* WHAT THIS TASK INVOLVES *
Taking the line that contains "Decor Bambeco Glass/Metal" as the first and the final line of the records as the last, write out every line between them exactly, ends included, and nothing else.

(Data items)
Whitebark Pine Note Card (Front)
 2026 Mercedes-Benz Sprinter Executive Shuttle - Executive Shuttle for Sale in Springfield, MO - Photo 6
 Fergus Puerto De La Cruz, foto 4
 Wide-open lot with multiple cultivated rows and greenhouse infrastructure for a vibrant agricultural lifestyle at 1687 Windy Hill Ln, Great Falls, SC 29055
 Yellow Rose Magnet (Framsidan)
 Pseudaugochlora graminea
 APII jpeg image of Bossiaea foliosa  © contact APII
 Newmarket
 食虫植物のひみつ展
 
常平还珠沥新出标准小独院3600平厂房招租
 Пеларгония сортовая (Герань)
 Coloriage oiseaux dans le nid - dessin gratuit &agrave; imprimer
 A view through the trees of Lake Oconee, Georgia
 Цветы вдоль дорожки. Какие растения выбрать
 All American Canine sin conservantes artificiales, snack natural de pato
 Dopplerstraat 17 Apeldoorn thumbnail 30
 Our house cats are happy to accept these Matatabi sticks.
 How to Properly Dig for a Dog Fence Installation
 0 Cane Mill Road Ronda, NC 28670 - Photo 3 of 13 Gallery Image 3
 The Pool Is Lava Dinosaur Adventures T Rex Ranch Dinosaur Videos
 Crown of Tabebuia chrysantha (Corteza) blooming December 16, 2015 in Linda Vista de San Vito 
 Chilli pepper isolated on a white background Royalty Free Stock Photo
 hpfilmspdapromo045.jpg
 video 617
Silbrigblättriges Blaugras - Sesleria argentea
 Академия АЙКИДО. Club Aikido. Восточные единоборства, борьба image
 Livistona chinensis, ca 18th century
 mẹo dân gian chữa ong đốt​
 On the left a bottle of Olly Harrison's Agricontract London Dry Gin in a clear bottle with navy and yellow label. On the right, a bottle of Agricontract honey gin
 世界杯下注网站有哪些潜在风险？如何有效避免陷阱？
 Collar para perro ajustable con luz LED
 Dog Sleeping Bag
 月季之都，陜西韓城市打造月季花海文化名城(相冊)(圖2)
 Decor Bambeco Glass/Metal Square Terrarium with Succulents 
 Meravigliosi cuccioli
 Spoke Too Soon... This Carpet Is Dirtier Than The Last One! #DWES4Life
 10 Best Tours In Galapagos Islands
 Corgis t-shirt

* COMPLETED EXERCISE *
 Decor Bambeco Glass/Metal Square Terrarium with Succulents 
 Meravigliosi cuccioli
 Spoke Too Soon... This Carpet Is Dirtier Than The Last One! #DWES4Life
 10 Best Tours In Galapagos Islands
 Corgis t-shirt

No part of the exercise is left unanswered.